No military family, whether hetero- or homosexual should be denied benefits because of outdated regulations.
Nearly 16 months after the Pentagon ended the ban on openly gay men and women serving in the US military, it is now ready to grant certain benefits to same-sex partners of those serving. Although a final decision has not been made concerning which benefits will be made available, officials say Defense Secretary Leon Panetta is considering the issue, and the benefits to be extended may include “access to the on-base commissary and other military subsidized stores,” there is also the possibility that some health and welfare programs that were previously not available to same-sex partners of military personnel will become so.
The Associated Press reports,
Panetta must walk a fine, legal line.

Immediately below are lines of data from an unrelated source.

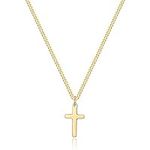 Joxevyia Cross Necklace for Women 1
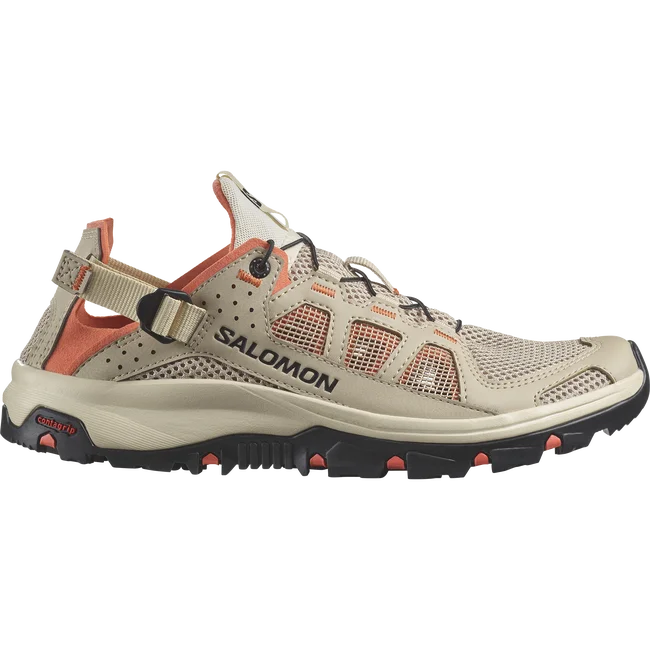 TECHAMPHIBIAN 5  Amphibienschuhe Damen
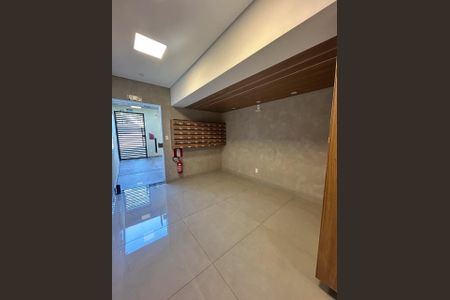 Apartamento à venda com 2 quartos, 56m² em São Gotardo, Belo Horizonte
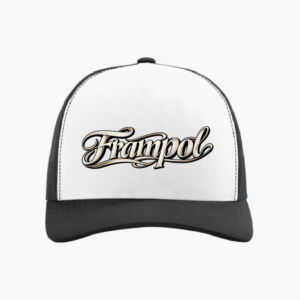 Frampol Ornate - Czapka z daszkiem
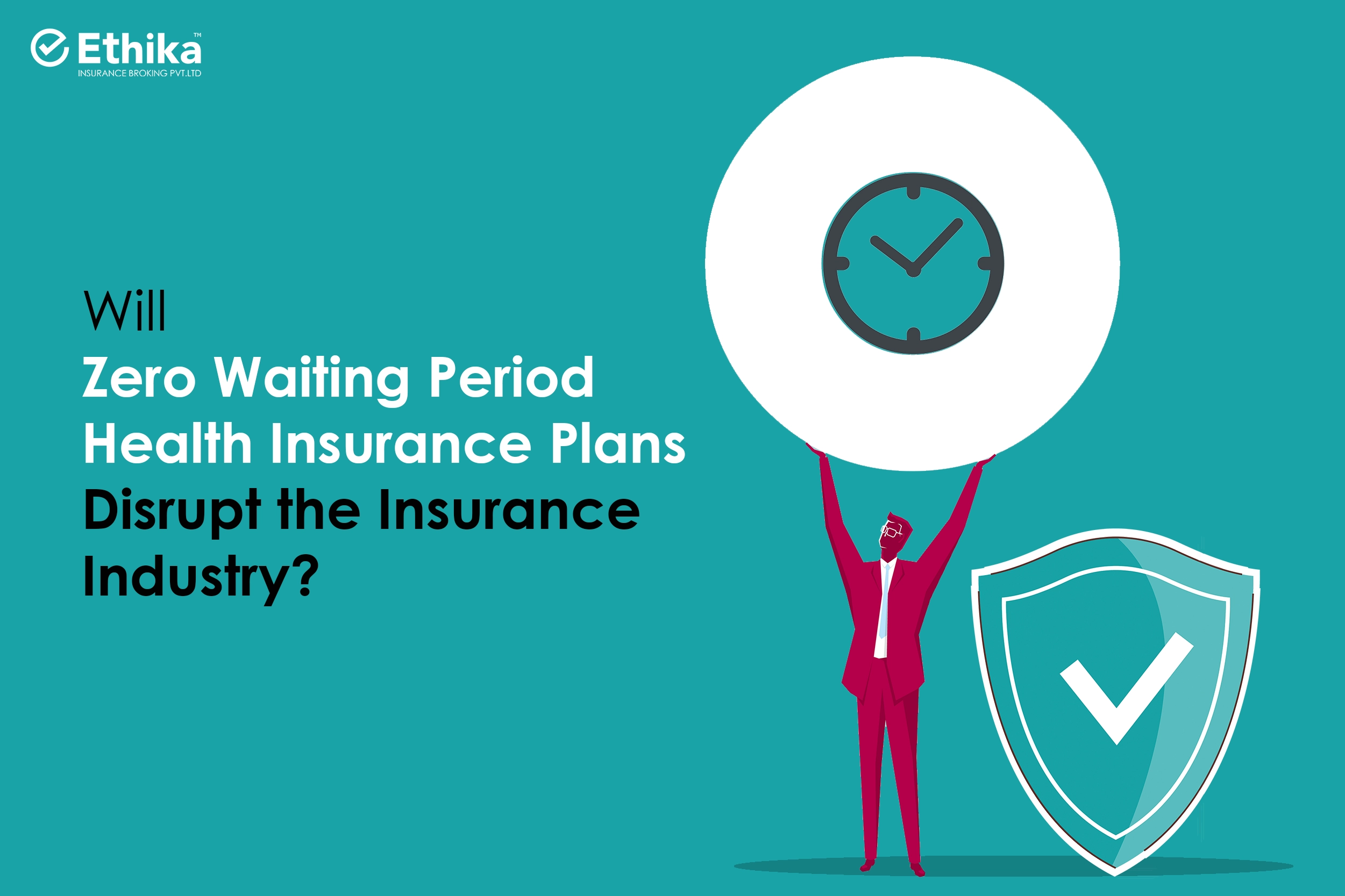 Types of Waiting Periods in Health Insurance 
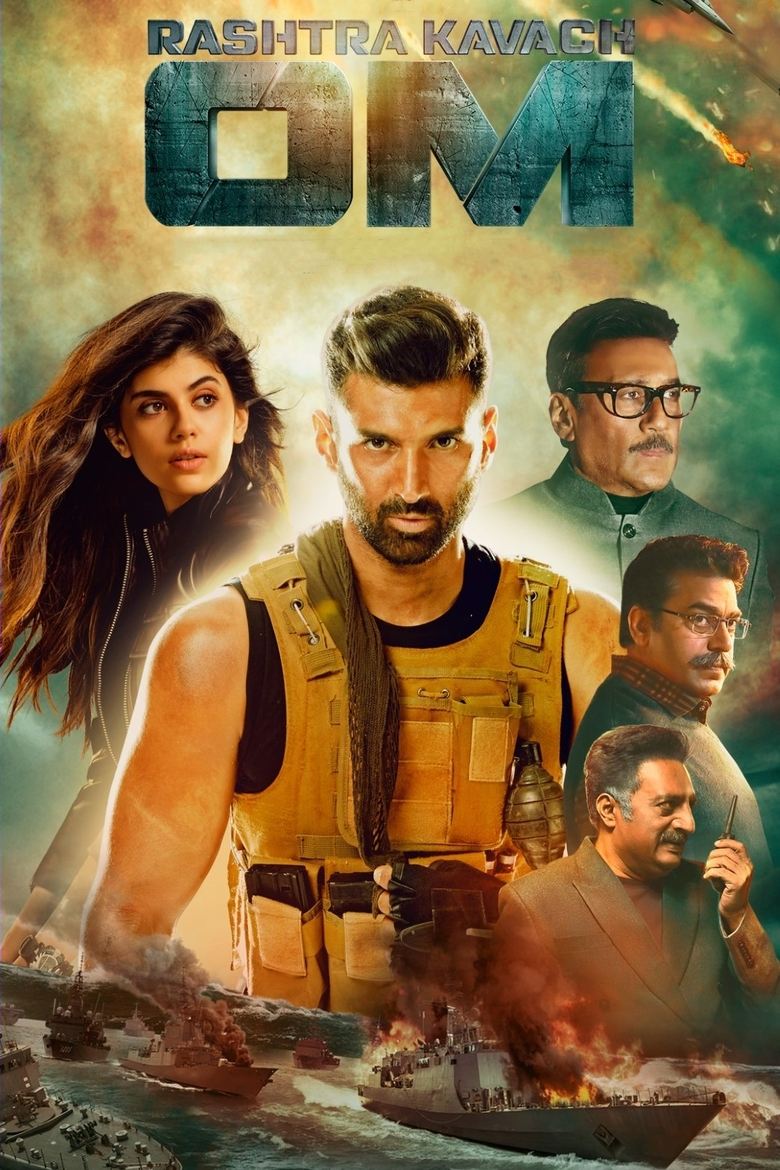 Rashtra Kavach Om (2022) – Full Movie Download & Watch FREE – MovieHuntBD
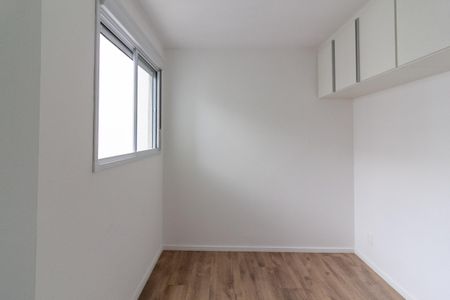 Apartamento à venda com 40m², 2 quartos e sem vagaQuarto 2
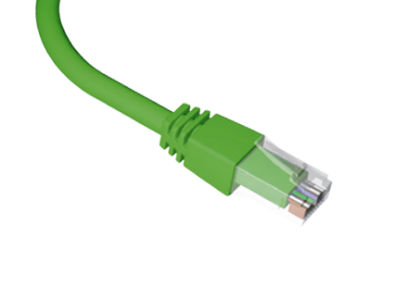 Brandrex patchcord cat5e verde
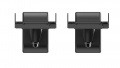 Кріплення Norstone Bookshelves Wall Mount Black (NORBOOWALMBK) 4 – techzone.com.ua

While there has been increased pressure on the Pentagon to extend some benefits to same-sex partners, defense officials must be careful not to violate the 1996 Defense of Marriage Act, or DOMA. The federal law forbids the federal government from recognizing any marriage other than those between a man and a woman.
Officials have said there are still last-minute discussions going on to determine legal details, and that the military will most likely require documentation that designates the “military member’s partner as a legitimate recipient” of any benefits determined to be available to same-sex partners. They also expect to begin issuing identification cards of some type to same-sex partners of military personnel which would give them access to military installations and programs. Until now same-sex partners have been denied military identification that granted them access to bases and military events.
This decision comes after President Obama has openly supported gay rights and called for sweeping changes to the way homosexuals are treated in the US. He said in his inaugural address, “Our journey is not complete until our gay brothers and sisters are treated like anyone else under the law — for if we are truly created equal, then surely the love we commit to one another must be equal as well.”
Also, last year the top Democrat on the House Armed Services Committee, Representative Adam Smith of Washington state, introduced a bill that would give benefits to same-sex spouses of both military personnel and veterans. This legislation would require both the Defense Department and the Veterans Affairs Department to “recognize any marriage that has been recognized by a state, the District of Columbia, commonwealths or territories.” Smith asserts that with gays now being allowed to serve openly in the armed forces, their spouses should receive the same benefits as heterosexual spouses of military personnel. He said, “Building on the repeal of ‘don’t ask, don’t tell,’ this is another big step toward full equality in the military. No individual should be deprived of the benefits they have earned simply because of who they have married.”
Although the Pentagon has been reviewing the policies and procedures surrounding benefits for same-sex partners since the repeal of “don’t ask, don’t tell” in September, 2011, they have to be cautious about violating DOMA. However, the Supreme Court is expected to rule in June on the constitutionality of DOMA, and if they find it to be unconstitutional it may open up the possibility of same-sex partners becoming eligible for the same benefits afforded to heterosexual military spouses.
However, some advocacy groups argue that there are any number of administrative steps the Pentagon can take that will not violate DOMA but would still treat same-sex military couples more fairly. The president of the American Military Partner Association, Stephen Peters said, “Considering DADT was repealed well over a year ago, our families have waited far too long for the Defense Department to extend benefits to same-sex military spouses.”
The announcement from the Pentagon should be made within the next few days.